Lalu, ada workshop gambar yang lain lagi. Namanya Workshop Gambar Bentuk. Media dan alatnya kertas dan pensil. Oya, kalau di Menggambar Media Campuran media yang dipakai adalah apa aja yang bisa digambarin dan diwarnain, mulai dari kertas sampai batu dan daun, alatnya juga apa aja. Kalau di Chinese Painting media dan alatnya adalah kertas singkong dan tinta cina atau cat air. Katanya kalau di workshop gambar bentuk gw bisa lebih liar daripada di chinese painting. Jadi, ikutan deh gw. Lalu dimulailah perjuangan gw di kancah persilatan..... Hiyaaaa.....

Di hari pertama gw diajari bagaimana cara menyerut pensil dengan cepat dan bagus hasilnya. Sang guru mendemonstrasikannya di hadapan gw dan murid yang lain. Trus, praktek! Kami diberi pensil HB, B, 2B, 3B, 4B, 5B dan 6B, semuanya harus diserut! Oh, tuhaaan.... Kami dikerjain ama guru gambar.... Selanjutnya sang guru pengen liat gimana kemampuan kami dalam mengarsir. Hebat deh, 2 jam kami habiskan dengan menyerut pensil dan mengarsir.

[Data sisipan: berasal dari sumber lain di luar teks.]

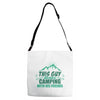 This Guy Loves Camping With His Friends Adjustable Strap Totes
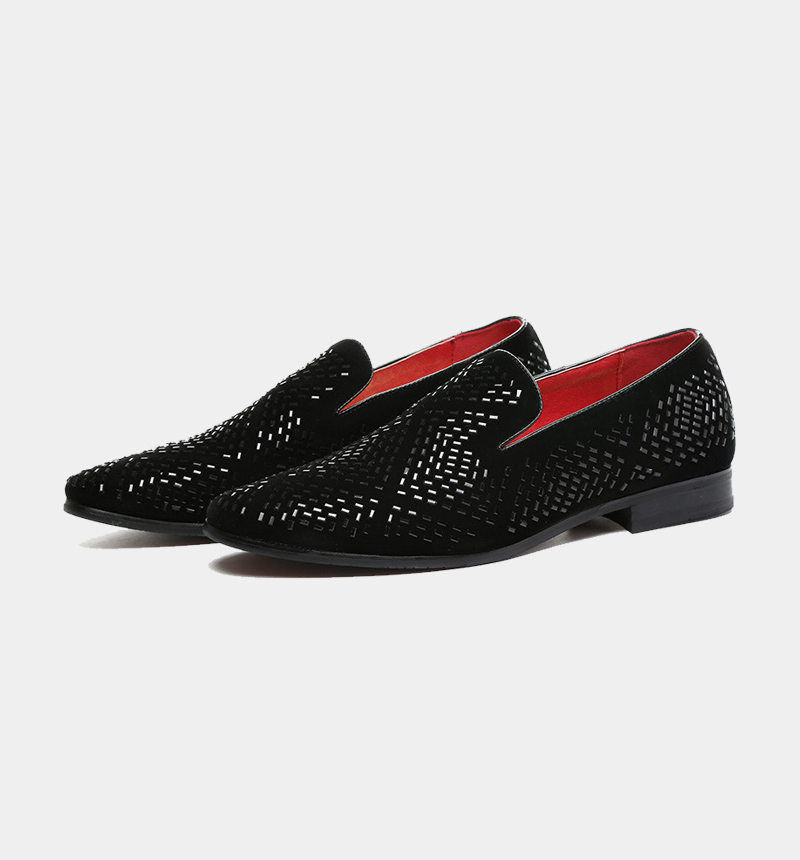 black mens loafers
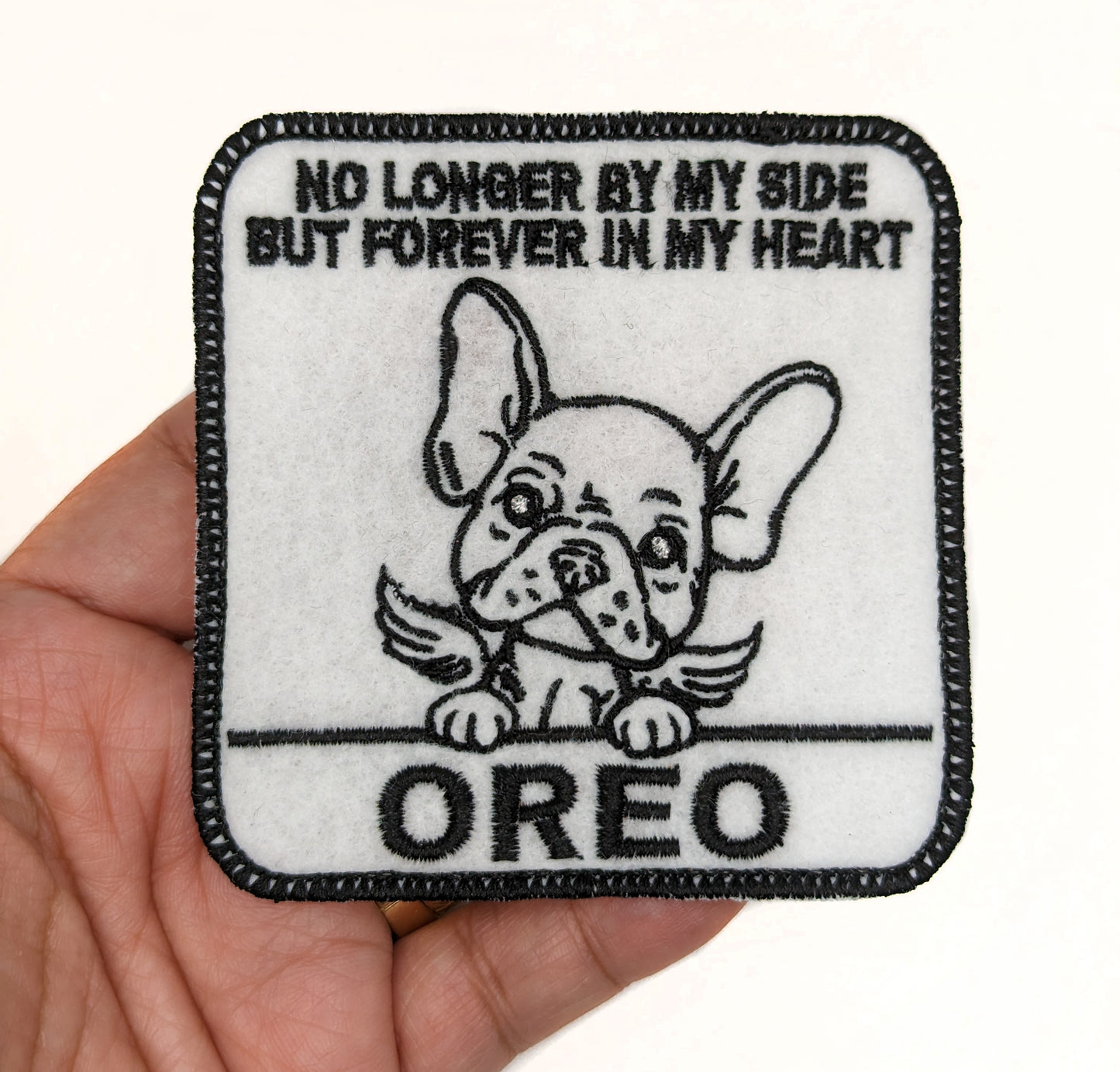 Custom Embroidered Iron-On French Bulldog Memorial Patch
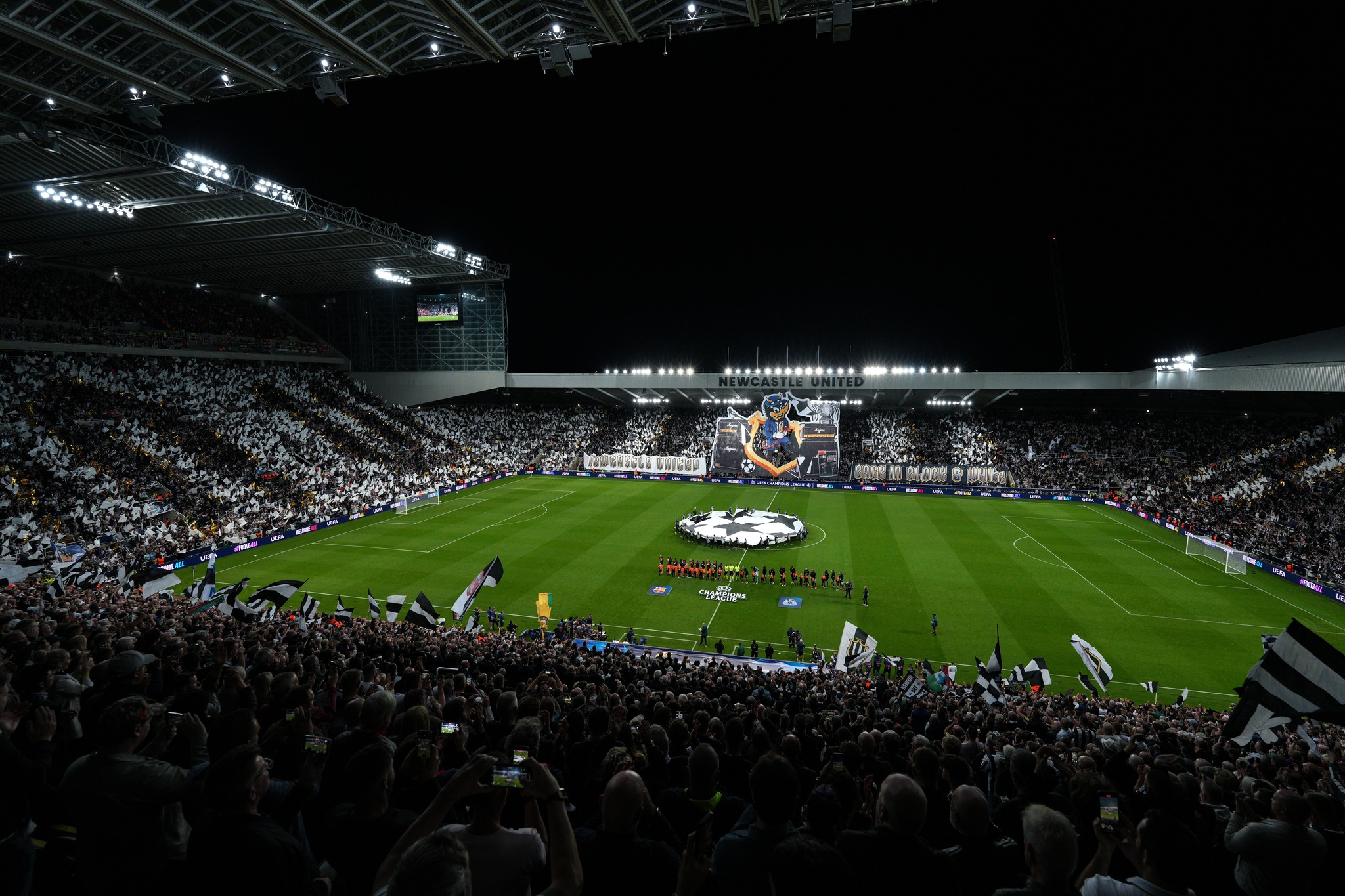 NEWCASTLE UPON TYNE, ENGLAND - SEPTEMBER 18: A general view during the UEFA Champions League 2025/26 League Phase MD1 match between Newcastle United FC and FC Barcelona at St James' Park on September 18, 2025 in Newcastle upon Tyne, England. (Photo by Newcastle United/Newcastle United via Getty Images)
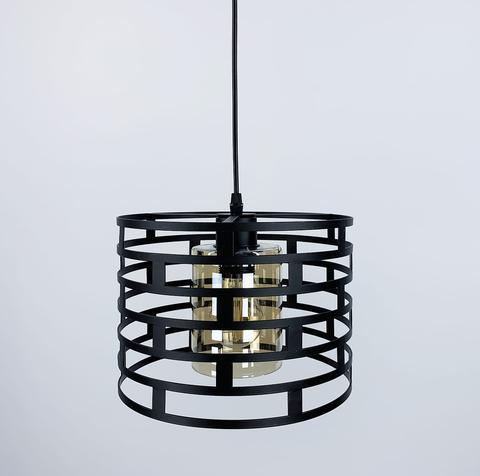 Подвесной светильник с закругленным металлическим каркасом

Hari kedua, karena ada janji yang sudah telanjur dibuat maka gw ga bisa datang ke kelas gambar. [Bilang aja bolos!] Iya...iya...gw bolos. Tapi, sumpah itu gara2 janji yang gw bikin ama temen gw kok.

Hari ketiga, ternyata pelajarannya masih mengarsir juga. *sigh* Kali ini kami diminta mengarsir bentuk2 yang asimetris sehingga bisa menunjukkan gelap-terang, kepadatan dan tonjolan2 yang mungkin ada di benda itu. Bendanya boleh apa aja. Hasilnya...sang guru bilang kalo gw kurang memunculkan rasa dan emosi gw ke dalam arsiran gw. Gw masih datar2 aja. Uwoooooo....!!!!Ternyata gw masih kurang liar. Mana ekspresinyaaa...manaaaa? (ikut-ikutan iklan nih).

Lalu beberapa minggu pun berlalu, dan 2 minggu diantaranya gw bolos lagi karena pulang kampung. Dateng2 kemaren, kelas gw udah nyampe gambar muka orang. Diajarin proporsi muka. Menyenangkan sekali. Dari dulu gw pengen banget belajar proporsi manusia...akhirnya tercapai... Terima kasih Tuhaaan. Pas gambar gw udah setengah jadi, lalu berturut-turut muncullah Mama Gajah dan Anak Gajah, Remaja Playboy dan Ibu Bule yang datang dengan alasannya masing2. Trus masing2 menengok gambar gw dan berkomentar:
"kok ga mirip orang sih?"
"itu gambar apa? monyet ya?"
"iya ih, kok kayak monyet sih?"
Heeeh....pada ga sopan orang-orang ini ya, kukutuk kalian jadi permen coklat! Cuma anak gajah aja yang berkomentar, "gambarnya bagus ya..." Dan langsung ditanggapin ama yang lain, "Gambar yang mana? Gambar siapa? Gambar Manda? Gambar Bintang?" Beneran ga sopan deh. Padahal jelas2 yang ditunjuk ama Anak Gajah adalah gambar gw.

Orang bilang anak kecil itu jujur, orang bilang anak kecil itu ga bisa bo'ong. Maka, berkat komentar Sang Anak Gajah, dengan ini gw yakin bahwa gambar gw bagus. Huahahahaha.... Terima kasih, Anak Gajah!